Elisabeth. C'est le prénom de l'actrice qui débarque un peu par hasard dans cet atelier d'écriture qu'on ne la verra jamais réellement animer. Pourquoi pas Isabelle? C'est une alerte parmi d'autres, probablement pas la plus flagrante, mais en tout cas inaugurale, qui nous fait nous questionner sur le statut de cette oeuvre, et surtout sur le but de celle-ci, tant elle repose constamment sur un équilibre instable, faisant passer toute maladresse pour une erreur de débutante, là où la raison nous a semblé - déformation professionnelle oblige - probablement plus profonde. Est-ce une volonté autobiographique ou plutôt une ambition pédagogique voire militante - c'est en tout cas l'angle stratégique qui semble avoir été choisi pour "vendre" le film à grands renforts d'interventions médiatiques quasi-expertales - qui a animé la réalisatrice? C'est cette ambiguïté, que reflète la construction en deux époques que presque rien ne vient relier, qui semble présider à l'impasse dans laquelle s'engouffre le film.
Quand le récit sonne faux
Il n'est bien sûr pas question de banaliser la gravité du sujet - l'inflation galopante de la souffrance psychique et des situations psychiatriques aiguës chez les jeunes - ni de remettre en question les intentions louables de cette actrice que nous aimons tant et qui semblait avoir trouvé, par le biais de cette fiction, un moyen de transmettre autrement son humanité solaire et sa sensibilité altruiste. Pourtant, il nous semble qu'elle échoue à mettre en récit cette part d’enfance, fondatrice autant que traumatique, se perdant dans une configuration narrative naïve et d'un premier degré constant, que l'absence de recul expose à une superficialité d'anecdote. Etait-ce seulement possible pour elle? Presque tout, en tout cas, sonne faux. Les choix de narration et de réalisation, constamment illustratifs, sont aux antipodes de la hauteur de vue véhiculée. Pire, les ados "modernes" qui semblent au coeur de la préoccupation de la réalisatrice sont tout simplement invisibilisés, alors que ceux de jadis sont interprétés par des acteurs dont le professionnalisme, souvent trop visible, fait barrière à leur existence propre, les réduisant à n'être que vecteurs de leurs symptômes.

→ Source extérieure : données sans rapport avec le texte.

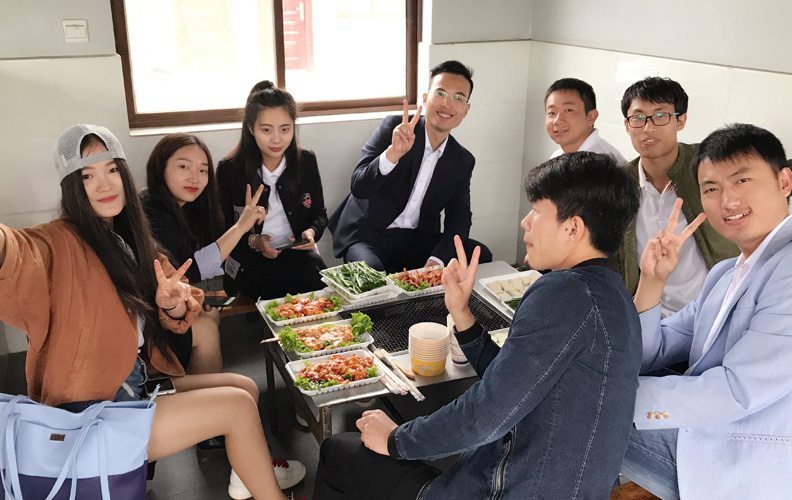 自由活動時間結(jié)束后是大家期盼已久的燒烤大餐！雞翅、雞尖、青瓜、豆腐、牛肉、五花肉、韭菜、洋芋……等葷素搭配，營養(yǎng)均衡！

L’impasse de la représentation
Les rêveurs évoque un autre échec de la représentation de la pathologie mentale au cinéma, En attendant Bojangles, adaptation elle aussi d'une oeuvre littéraire à la dimension biographique. Ce que nous apprennent ces écueils est plus riche que ce qu'ils montrent, ou plutôt qu'ils échouent à montrer: la souffrance psychique demeure l'expérience la plus intime qui soit, et c'est paradoxalement la fiction pure, en tout cas un récit tenu par un autre que soi, qui permet d'en retranscrire le mieux la substance, ou tout simplement de la décrire en la racontant. Circulez, il y a à voir...ailleurs.